U.S. District Judge James Brady of Baton Rouge, Louisiana, ordered the release of Woodfox and took the extraordinary step of barring Louisiana prosecutors from trying him for a third time.
Tory Pegram of the International Coalition to Free the Angola 3, who is working with Woodfox's lawyers on his release, said they are all "thrilled that justice has come for our innocent friend."
Woodfox is in solitary confinement at a prison in St. Francisville, Louisiana, awaiting trial. His lawyers were headed there to seek his release.
Aaron Sadler, a spokesman for Louisiana Attorney General Buddy Caldwell, said the state was seeking an emergency stay of Brady's ruling from the 5th U.S. Circuit Court of Appeals in New Orleans.
Woodfox was placed in solitary confinement in 1972 after being charged in the death of a Louisiana State Penitentiary guard in April of that year. The prison farm is more commonly known as the Angola prison, and it is Louisiana's only maximum-security prison.
He and two other state prisoners became known as the Angola 3 because of their long stretches in solitary confinement at Angola. The others were prisoners Robert King and Herman Wallace.
Woodfox and Wallace, who were both serving unrelated armed robbery sentences, had said they were singled out for harsh treatment, including isolation, because of their political activism.
The two were Black Panthers and helped establish a prison chapter (PDF) of the Black Panther Party at the Angola prison in 1971, set up demonstrations and organized strikes for better conditions.
Wallace, convicted with Woodfox of murder in the death of guard Brent Miller, died days after a judge freed him and granted him a new trial in 2013. King was released in 2001 after his conviction in the death of a fellow inmate in 1973 was reversed.

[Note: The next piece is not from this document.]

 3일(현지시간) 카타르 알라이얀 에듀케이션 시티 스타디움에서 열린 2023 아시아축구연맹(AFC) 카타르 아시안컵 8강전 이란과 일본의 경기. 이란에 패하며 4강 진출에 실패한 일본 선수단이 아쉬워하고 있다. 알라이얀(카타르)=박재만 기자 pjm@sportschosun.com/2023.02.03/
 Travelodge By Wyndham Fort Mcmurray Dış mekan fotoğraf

Woodfox has been tried and convicted twice in the guard's death, but both convictions were overturned. Brady said the "exceptional circumstances" of the case had led him to bar the state from seeking a third trial. In his ruling, he cited doubt that the state could provide a "fair third trial," the inmate's age and poor health, the unavailability of witnesses, "the prejudice done onto Mr. Woodfox by spending over 40 years in solitary confinement" and "the very fact that Mr. Woodfox has already been tried twice."